EXERCISE →
Output, exactly as written, the lines below from the one that has "Wooden Capital Alphabets" through the one that has "USM ハラー 2段キャビネット BR6435 中古 配送サイズ220"; nothing else, and no pictures.

(Crawled caption data)
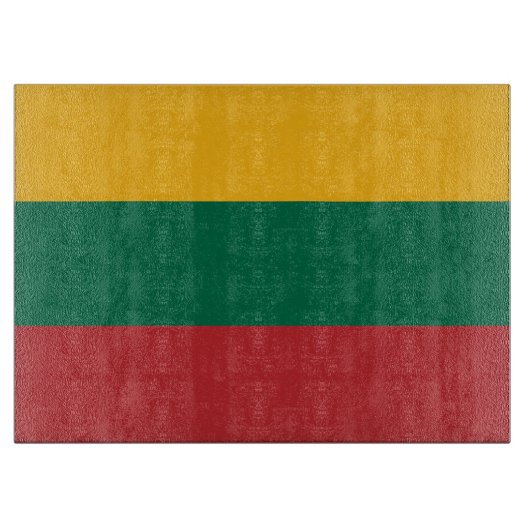 Glas snijplank met Vlag van Litouwen (Voorkant)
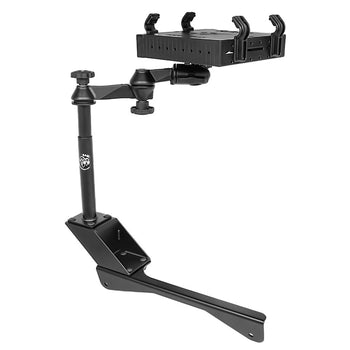 RAM-VB-145-SW1:RAM-VB-145-SW1_2:RAM No-Drill™ Laptop Mount for '06-10 Dodge Charger (Non-Police) + More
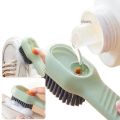 New Multifunctional Shoe Brushes With Soap Dispenser Long Handle Brush Cleaner For Clothes Shoes Household Laundry Cleaning Brush. 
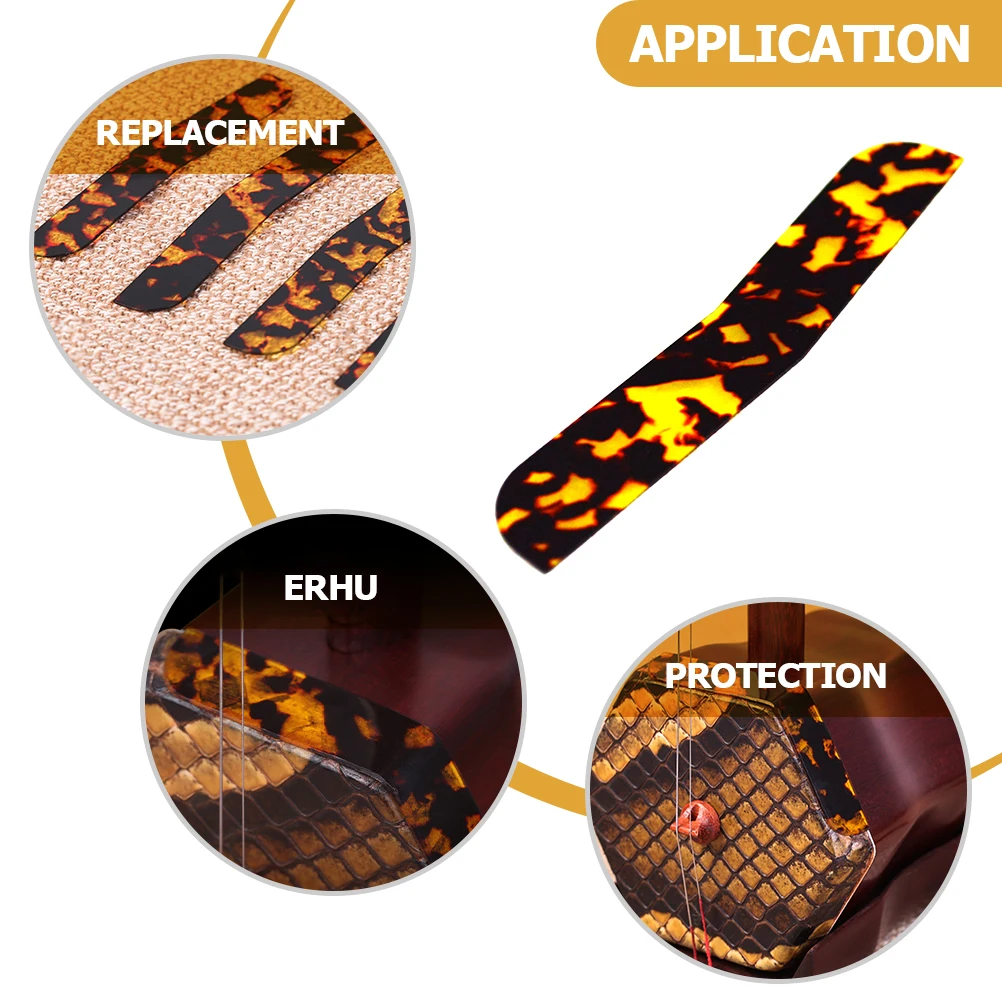 

6pcs Erhu Corner Protectors Durable Crash proof Pads Wear resistant Supplies Accessories Adhesive Violin Parts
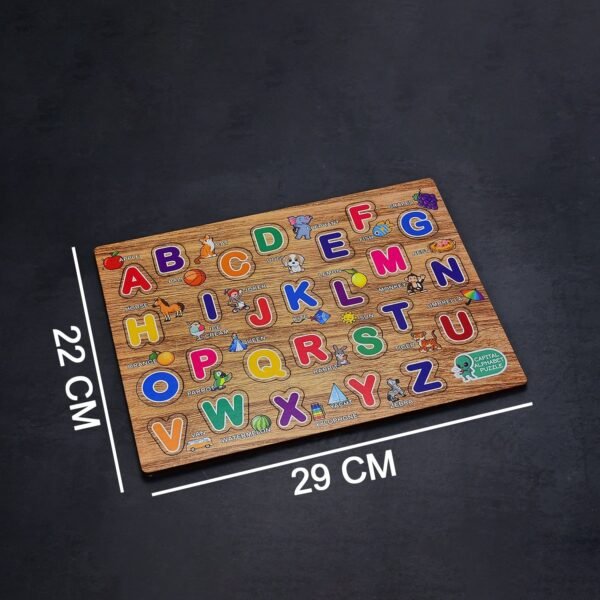 Wooden Capital Alphabets Letters Learning Educational Puzzle Toy for Kids. - Image 5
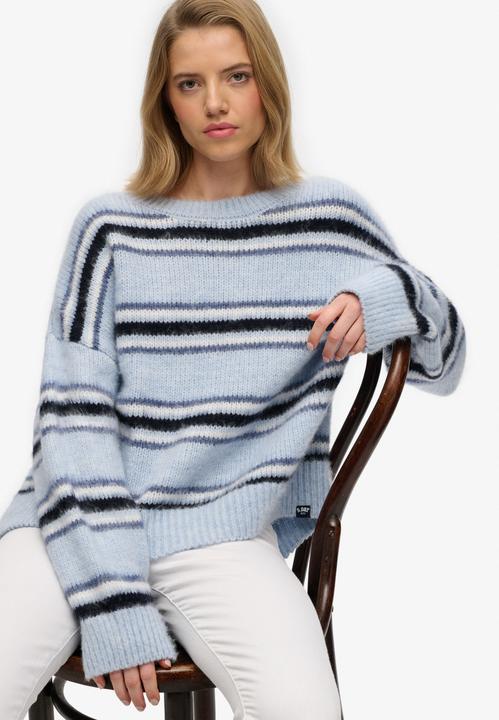 Image du produit Superdry Pull en maille rayé brossé décontracté femme (L)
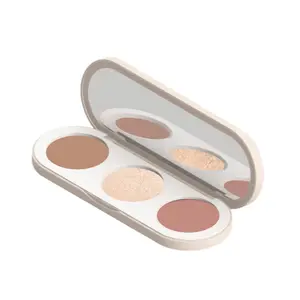 3 in 1 Face Palette Blush - Bronzer - Highlighter- Moisturizing - Makeup - Compact Cosmetic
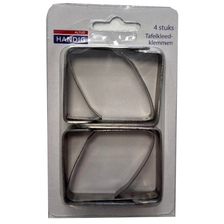 Tafelkleed klemmen set a 4 stuks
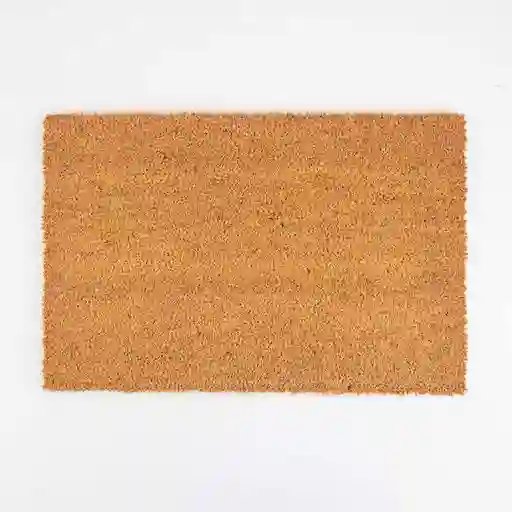 Tapete Entrada Coco 39x60cm Marrón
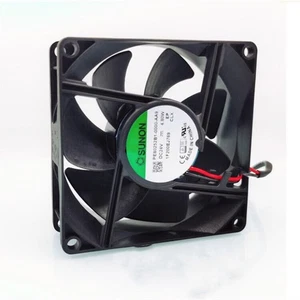 SUNON PE80252B1-0000-AA9 80*80*25MM 8CM 8025 DC24V 4.8W 2Pin Cooling Fan - Picture 1 of 6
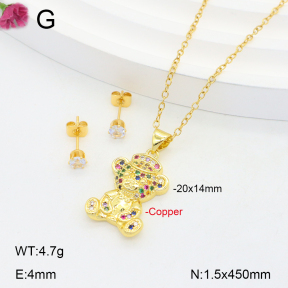 F2S005632bbov-J135  Fashion Copper Sets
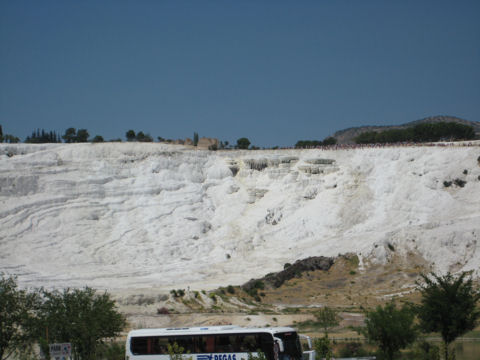 Pamukkale, a török gyapotvár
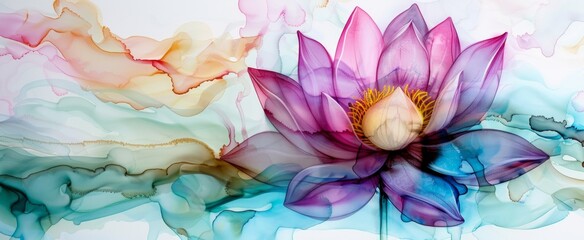 Abstract Lotus Representing Healing and Renewal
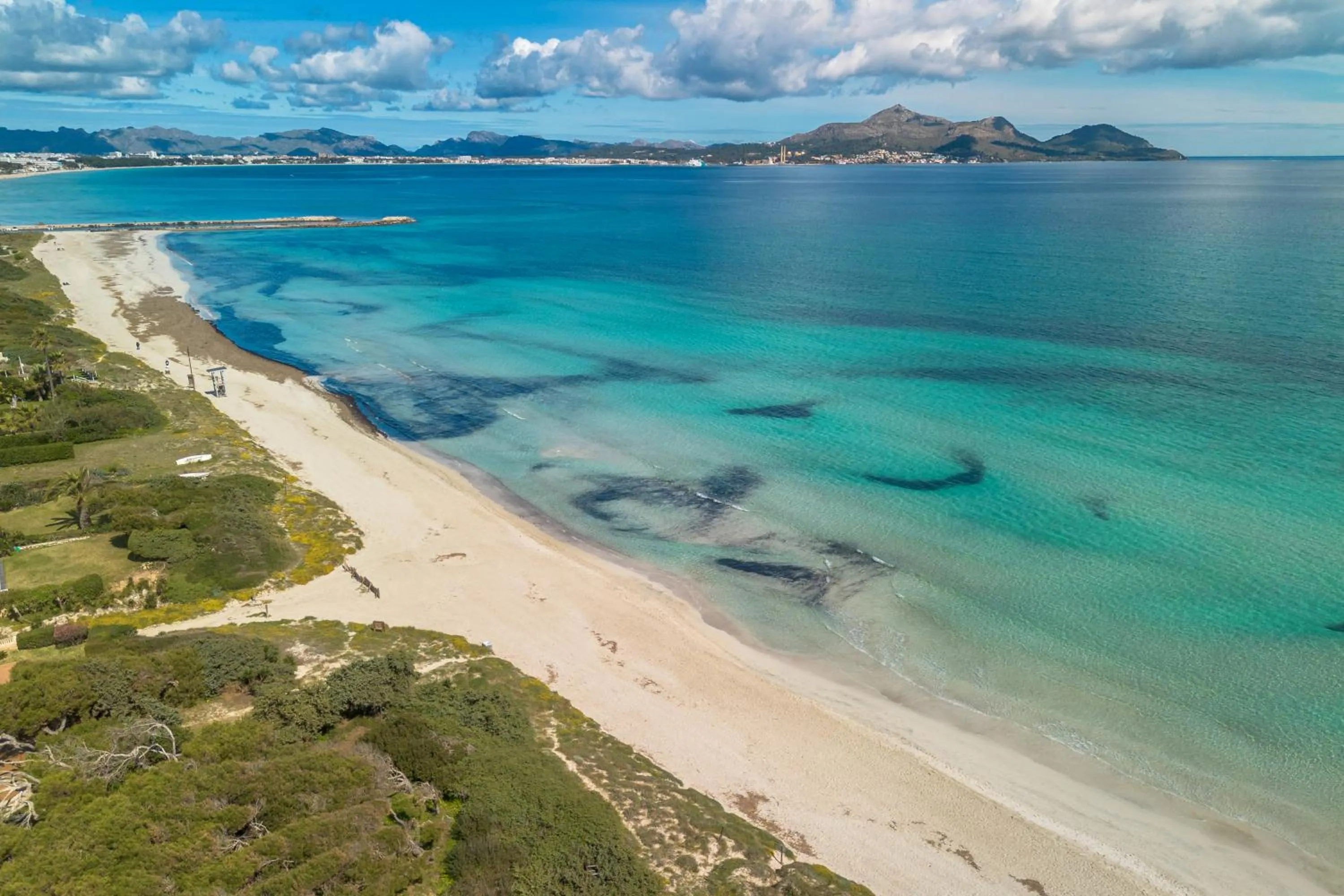 Beach in Villa Can Canta Natura Park House at Platja de Muro Beach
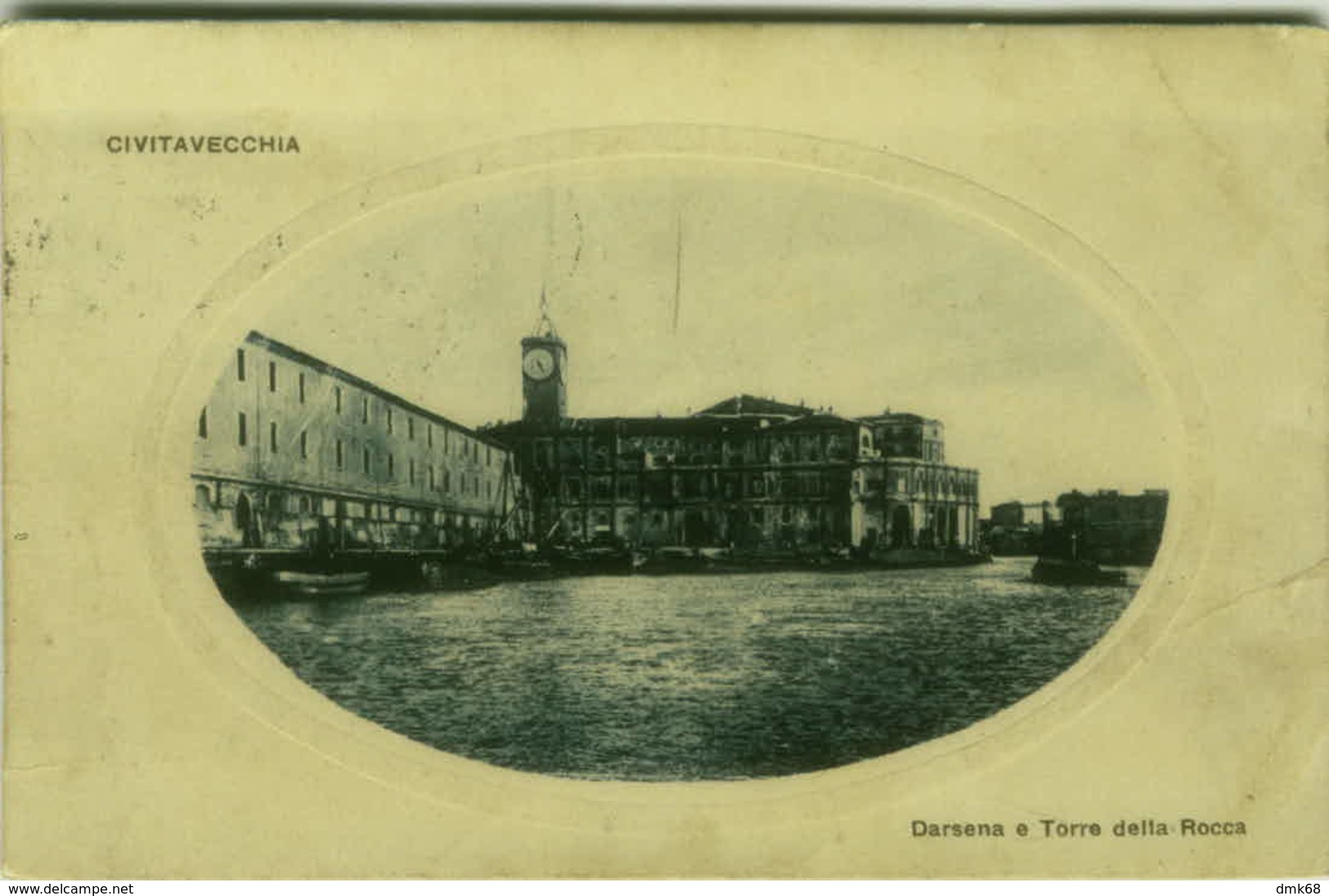 CIVITAVECCHIA - DARSENA E TORRE DELLA ROCCA - EDIZ. VERGATI - 1924  (3045) - Civitavecchia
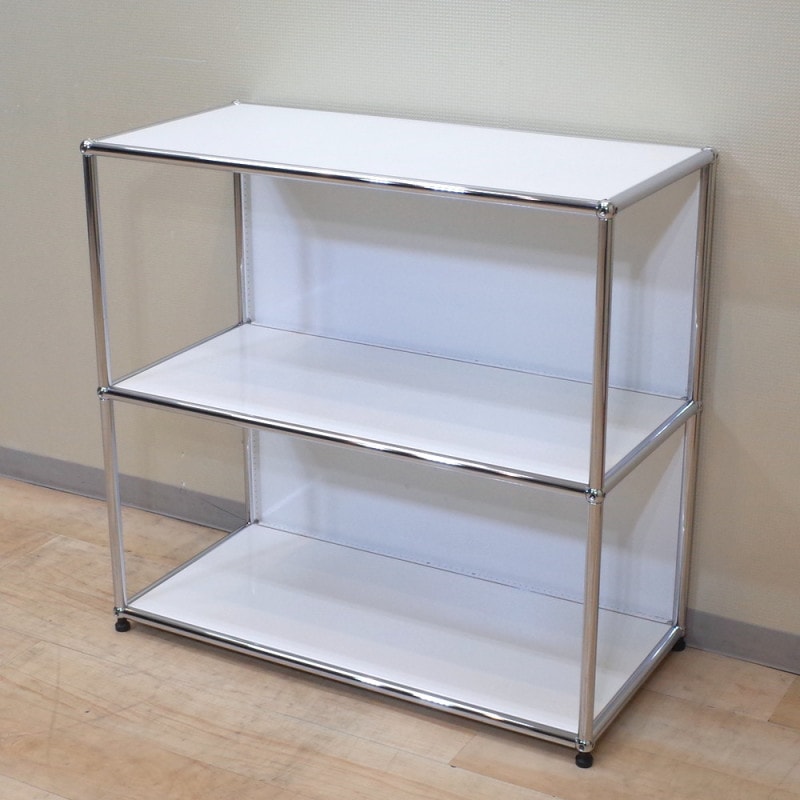 USM ハラー 2段キャビネット BR6435 中古 配送サイズ220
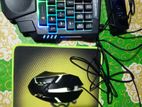 Gaming kyebord and mouse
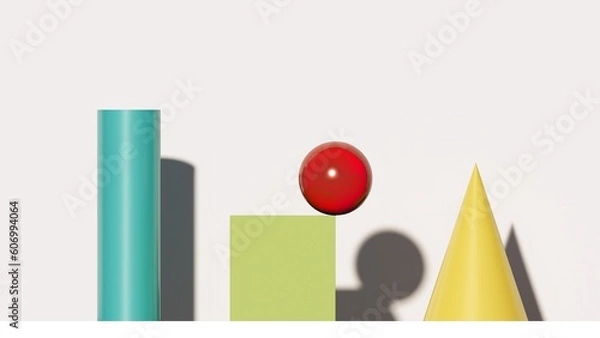 Fototapeta ADVERTISING SOLID GEOMETRY 3D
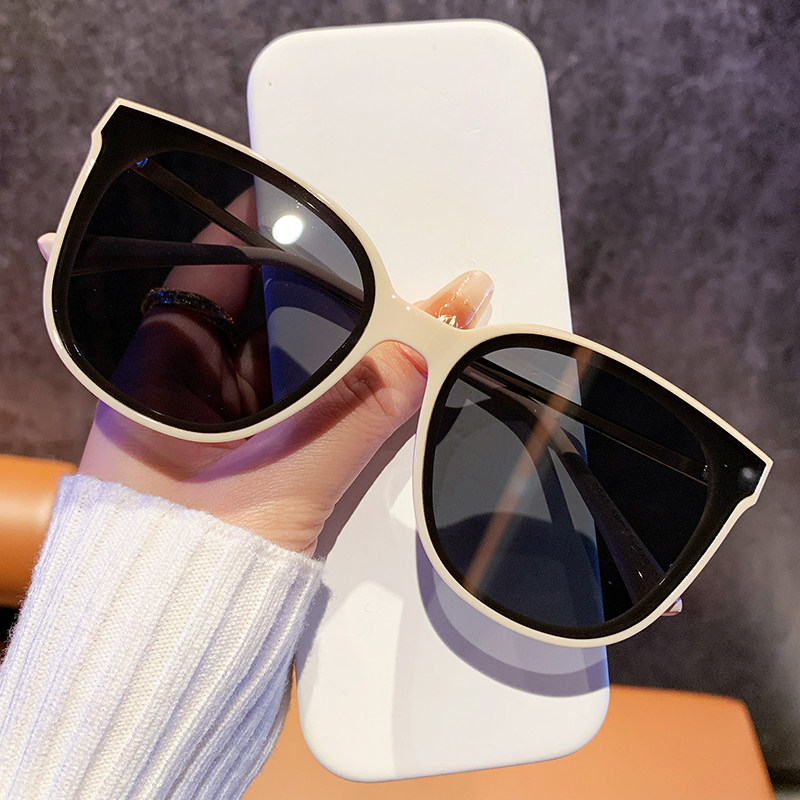 复古大框太阳眼镜女高级感显脸小高清尼龙镜片UV400偏光墨镜防晒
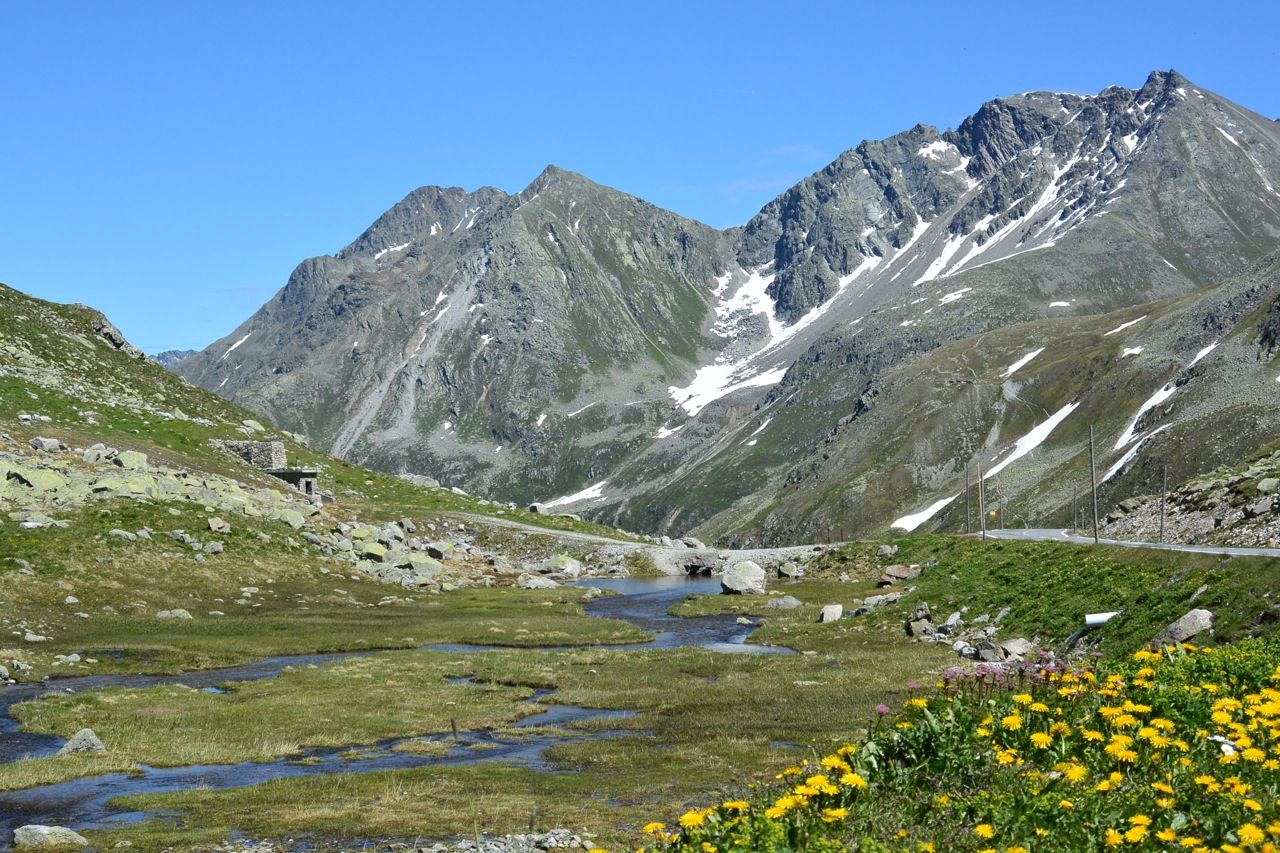 Taking the small back roads and the time to stop for a quick stretch can balance and renew like nothing else. Faluela Pass, Switzerland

TASK OUTPUT →
 Wooden Capital Alphabets Letters Learning Educational Puzzle Toy for Kids. - Image 5
 Image du produit Superdry Pull en maille rayé brossé décontracté femme (L)
 3 in 1 Face Palette Blush - Bronzer - Highlighter- Moisturizing - Makeup - Compact Cosmetic
 Tafelkleed klemmen set a 4 stuks
 Tapete Entrada Coco 39x60cm Marrón
 SUNON PE80252B1-0000-AA9 80*80*25MM 8CM 8025 DC24V 4.8W 2Pin Cooling Fan - Picture 1 of 6
 F2S005632bbov-J135  Fashion Copper Sets
 Pamukkale, a török gyapotvár
 Abstract Lotus Representing Healing and Renewal
 Beach in Villa Can Canta Natura Park House at Platja de Muro Beach
 CIVITAVECCHIA - DARSENA E TORRE DELLA ROCCA - EDIZ. VERGATI - 1924  (3045) - Civitavecchia
 USM ハラー 2段キャビネット BR6435 中古 配送サイズ220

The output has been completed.